Some of the lines below need repeating. Reproduce exactly those between the lines holding "Lululemon Run: For" and "Sequinned jeans", inclusive.

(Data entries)
━━━━━━━━━━━━━━━━━━━━━━━━━━━━━━
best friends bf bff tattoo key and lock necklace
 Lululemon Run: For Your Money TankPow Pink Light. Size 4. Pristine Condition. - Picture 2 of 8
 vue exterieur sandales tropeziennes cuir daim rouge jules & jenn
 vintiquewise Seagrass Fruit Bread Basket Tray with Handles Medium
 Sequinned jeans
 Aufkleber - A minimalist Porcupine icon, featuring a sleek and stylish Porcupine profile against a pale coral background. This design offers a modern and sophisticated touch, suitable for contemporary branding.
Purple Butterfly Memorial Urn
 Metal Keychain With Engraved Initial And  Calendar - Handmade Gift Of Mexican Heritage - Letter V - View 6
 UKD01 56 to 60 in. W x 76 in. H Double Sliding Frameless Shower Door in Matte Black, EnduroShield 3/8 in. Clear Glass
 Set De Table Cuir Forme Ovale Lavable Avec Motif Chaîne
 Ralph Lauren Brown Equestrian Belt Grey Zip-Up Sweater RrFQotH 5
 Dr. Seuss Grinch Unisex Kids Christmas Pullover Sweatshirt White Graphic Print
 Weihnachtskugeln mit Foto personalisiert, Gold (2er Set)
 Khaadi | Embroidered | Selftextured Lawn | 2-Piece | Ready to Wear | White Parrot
━━━━━━━━━━━━━━━━━━━━━━━━━━━━━━
> _Response box_
 Lululemon Run: For Your Money TankPow Pink Light. Size 4. Pristine Condition. - Picture 2 of 8
 vue exterieur sandales tropeziennes cuir daim rouge jules & jenn
 vintiquewise Seagrass Fruit Bread Basket Tray with Handles Medium
 Sequinned jeans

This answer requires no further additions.